Brompton Funds Management Limited (the "Manager") is proposing a meeting of
YEARS Financial Trust ("YTU") (TSX:YTU.UN) to consider the merger of YTU into
Dividend Growth Split Corp. ("DGS") (TSX:DGS)(TSX:DGS.PR.A). The merger is being
proposed to address the economic inefficiencies of operating a small investment
fund like YTU and to provide investors with a high quality portfolio at a low
cost. Due to its smaller size, YTU's annual general and administration costs
currently represent 0.66% of its net asset value and YTU is becoming too small
to operate on its own. 


DGS invests on an equally weighted basis in a portfolio of 20 large
capitalization Canadian equities that have among the highest dividend growth
rates on the TSX and utilizes a split share structure. Over 60% of DGS's
portfolio is invested in Canadian financial equities and it includes nine of the
eleven equities currently held in YTU. In addition, Highstreet Asset Management,
which acts as portfolio manager of YTU, invests DGS's assets, rebalances its
portfolio and selectively writes covered options to generate additional income
for DGS. As such, the Manager considers DGS to be a similar investment to YTU.
The proposed merger is expected to provide unitholders of YEARS Financial Trust
with the following benefits:


- Lower General and Administration Costs per Unit: DGS currently offers lower
general and administration costs per unit than YTU and these costs are expected
to decrease further if the merger is completed due to the larger combined fund
size. 


- Lower Management Fee: DGS offers a lower management fee of 0.60% per annum as
compared to the current YTU management fee of 0.85% per annum.

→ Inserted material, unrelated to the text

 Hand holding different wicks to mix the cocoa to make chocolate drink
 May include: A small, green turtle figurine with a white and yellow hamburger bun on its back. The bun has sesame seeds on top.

- Enhanced Liquidity: Following the merger, DGS will have a significantly larger
market capitalization and a greater number of securities and securityholders
than YTU, which is expected to provide enhanced liquidity. In addition, DGS
offers quarterly redemptions at net asset value less costs, whereas YTU only
offers redemptions at net asset value less costs on an annual basis.


- Diversified Portfolio: DGS's portfolio includes 20 blue-chip Canadian equities
and is invested in equities of financial, mining, energy, telecommunication and
energy issuers, providing greater diversification by number of securities and by
industry sectors. 


In addition, since its inception in December 2007, DGS Preferred Shares and
Class A Shares have traded at an average six percent premium to net asset value
on a combined basis, while YTU units have typically traded at a discount to net
asset value. 


Details regarding the proposed merger will be contained in an information
circular which is expected to be mailed to YTU unitholders in October. The
circular will also be available on www.sedar.com and posted on Brompton's
website. In addition to the approval of YTU unitholders, the merger is subject
to applicable regulatory approvals. Under the merger proposal, unitholders of
YTU will receive units of DGS (each unit consisting of one DGS Preferred Share
and one DGS Class A Share) and the number of DGS units to be received will be
based on the relative net asset values per unit of each fund. The proposed
merger is expected to be a taxable transaction for YTU unitholders and they are
encouraged to read the circular in its entirety and consult with their advisors
regarding the proposed merger. The meeting date is expected to be in early
December with an effective merger date of December 31, 2008.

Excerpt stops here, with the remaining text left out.